March 16, 2017 @ 7:39 am
Fuck that pompous, greasy-haired, midget prick. I love seeing him on the ropes.
March 16, 2017 @ 8:11 am
Hmmmm….good article. Will be interesting to see how this plays out.
March 16, 2017 @ 8:43 am
To me the biggest point of that article is the death of radio groups, such as Cumulus.
March 16, 2017 @ 8:45 am
Wow, I had no idea this was going on, although I probably should have. I sure hope you’re right about Maddie and Tae landing on their feet somewhere, they got screwed over big time and I hope they can find more success in a better environment.
I’ve also been surprised to see just how good Midland’s been doing with “Drinkin’ Problem.” They’re in the top 40 with a traditional-sounding song after less than 10 weeks at radio, which is awfully fast for a new artist not On The Verge. I’ll be very interested to see where they go from here.
March 16, 2017 @ 8:57 am
Great article… will be interesting to see if there are any major changes in the next few months. Just one minor thing – La’Porsha was the runner up on “Idol,” haven’t heard anything from her since, but she’s reportedly signed to Big Machine and Motown Records.
March 16, 2017 @ 9:17 am
Fuck Scott Borshitta for screwing over my favorite duo/group, Maddie and Tae. I’m hoping maybe they’ll move to a different imprint or leave the shitshow that is Big Machine and move to another label, like Sony, Warner, or UMG. Any record label would be lucky to have them.
March 16, 2017 @ 10:37 pm
Part of the problem Maddie and Tae have been facing is that when Taylor Swift finally admitted that she is a pop singer and officially left the country genre, she took much of the teen “country” audience with her. You just don’t hear those kinds of songs that often on country stations any more. Probably a big portion of Maddie and Tae’s natural constituency stopped listening to country radio.
March 18, 2017 @ 1:32 pm
Perhaps, but look at Kelsea whatsherface. Granted much of her “success” is probably label created, but she is very much going after the Taylor Swift audience. And I wouldn’t be all that shocked to find out that a lot of the Taylor Swift fans also listen to Thomas Rhett and some of the other poppy country artists out now. I think what killed Maddie and Tae is poor handling by the label and the protest song as a first single may have backfired on them. It’s hard to come out of the gate swinging and no have a solid follow up punch. None of Maddie and Tae’s follow up singles were as interesting as “Girl In A Country Song”. Plus, I think the audience they were trying to court “new traditional leaning fans” have abandoned Country radio and are not coming back. I would be interested to see how they did in terms of Spotify/streaming numbers.
March 18, 2017 @ 2:52 pm
Starting off your career with a novelty-ish single is not a good way to lay the groundwork for a long term career. I’m sure it has happened but more often than not it locks in a perception of the performer that is not helpful.
Really short term thinking.
March 18, 2017 @ 8:11 pm
“Starting off your career with a novelty-ish single is not a good way to lay the groundwork for a long term career.”
Good point.

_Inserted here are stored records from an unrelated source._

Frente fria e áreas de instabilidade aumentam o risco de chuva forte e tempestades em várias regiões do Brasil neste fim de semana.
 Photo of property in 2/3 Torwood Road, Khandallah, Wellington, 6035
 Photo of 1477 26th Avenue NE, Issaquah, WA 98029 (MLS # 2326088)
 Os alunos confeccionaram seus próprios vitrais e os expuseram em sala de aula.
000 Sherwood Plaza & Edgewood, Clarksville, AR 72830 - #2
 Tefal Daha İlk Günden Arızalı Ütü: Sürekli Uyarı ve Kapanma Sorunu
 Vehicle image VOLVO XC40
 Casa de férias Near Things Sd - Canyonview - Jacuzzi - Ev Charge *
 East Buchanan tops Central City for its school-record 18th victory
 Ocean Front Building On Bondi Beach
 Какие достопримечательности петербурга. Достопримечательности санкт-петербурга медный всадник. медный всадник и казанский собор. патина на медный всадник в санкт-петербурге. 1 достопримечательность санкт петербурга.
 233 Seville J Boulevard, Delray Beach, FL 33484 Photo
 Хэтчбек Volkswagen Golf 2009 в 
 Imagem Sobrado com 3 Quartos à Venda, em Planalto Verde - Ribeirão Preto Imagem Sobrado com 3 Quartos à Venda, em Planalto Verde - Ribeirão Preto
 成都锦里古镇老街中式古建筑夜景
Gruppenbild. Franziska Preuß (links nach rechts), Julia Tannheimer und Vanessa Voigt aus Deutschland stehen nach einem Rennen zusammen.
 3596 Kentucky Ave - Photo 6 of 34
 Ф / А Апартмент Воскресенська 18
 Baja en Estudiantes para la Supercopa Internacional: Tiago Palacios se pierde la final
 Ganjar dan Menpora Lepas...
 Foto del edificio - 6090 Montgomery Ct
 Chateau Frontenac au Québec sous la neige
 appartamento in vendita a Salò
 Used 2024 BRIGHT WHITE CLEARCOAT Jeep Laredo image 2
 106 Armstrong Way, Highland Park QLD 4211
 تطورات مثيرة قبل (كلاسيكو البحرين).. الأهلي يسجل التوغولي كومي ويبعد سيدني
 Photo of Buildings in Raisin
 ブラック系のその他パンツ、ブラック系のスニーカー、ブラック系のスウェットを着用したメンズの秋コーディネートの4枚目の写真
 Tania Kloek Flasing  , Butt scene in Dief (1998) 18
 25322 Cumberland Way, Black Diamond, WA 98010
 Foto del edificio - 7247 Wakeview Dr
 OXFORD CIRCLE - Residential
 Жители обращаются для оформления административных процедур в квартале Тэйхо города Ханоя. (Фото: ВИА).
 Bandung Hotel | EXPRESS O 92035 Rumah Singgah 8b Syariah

This didn’t work out too well for Gretchen Wilson with “Redneck Woman” being her first single, basically a novelty song to my ears. She had a good run in 2004-05 with her first album, even won the CMA Horizon Award, but after that she fell off the radar.
March 18, 2017 @ 9:03 pm
From the late 1990s until around 2010, country radio was a girls-and-their-moms format. Teen girls tuned in for Shania, Faith, and Tim in the 1990s and for Taylor Swift about 10 years later, while much of the rest of the format catered to suburban mothers. Teen country grew in an environment where Nashville catered to female audiences and girls were exposed to country radio through their moms and some of their girl friends.
I think it’s much less of a girls-and-their-moms format now. And while I had initially thought that Taylor’s departure from the genre would create openings for other young female artists, it is becoming quite clear that the teen country audience is much smaller than what it was 5-10 years ago. Kelsea has not exactly had blockbuster sales, even with heavy radio airplay. Her album sold fewer than 300,000 copies. She has neither the personality nor the communication skills of Taylor Swift, and even if she did she would not have sold close to the same numbers. Other young females such as RaeLynn, Maren Morris, and Kacey Musgraves have not had huge sales numbers either. And Maddie and Tae’s second single, which sounded very much like an early Taylor Swift song, was not a big hit. I think the “teen country” audience has moved to mainstream pop and won’t be coming back to country radio any time soon.
March 16, 2017 @ 10:16 am
Seems to me that one of the biggest mistakes a newish and growing business can make is over expanding. They end up stretching themselves thin and the law of diminishing returns start coming into play and to top it off often times they will start paying less attention to the things that made them successful in the first place.
It would appear that they are realizing this by trying to consolidate things now.
March 16, 2017 @ 10:24 am
Maddie and Tae having one hit is more then most female groups get. I think the bigger issue is they just haven’t done a very good job at artist development.
March 18, 2017 @ 12:35 pm
I don’t think their one hit was very good either. There was nothing memorable about the music, and the lyrics were not very original. “Girl in a Country Song” was a gimmick song, not much more. I don’t want to break their hearts by saying this since they’re cute girls, but it basically sounded like a bad Shania Twain song, sort of like “Any Man of Mine” without the sex appeal.
March 16, 2017 @ 10:29 am
“Thank God for Scott Borchetta”
(Toby Keith’s inner-monologue every time he considers if he is the biggest douche in country music)
March 16, 2017 @ 10:58 am
I would be interested in seeing someone do some digging on Midland for the following reasons:
1) They say they are based in Austin and say they cut their teeth touring Texas honky tonks, yet I have never seen their names at any of the Texas live venue hotspots (and none of them are from Texas originally)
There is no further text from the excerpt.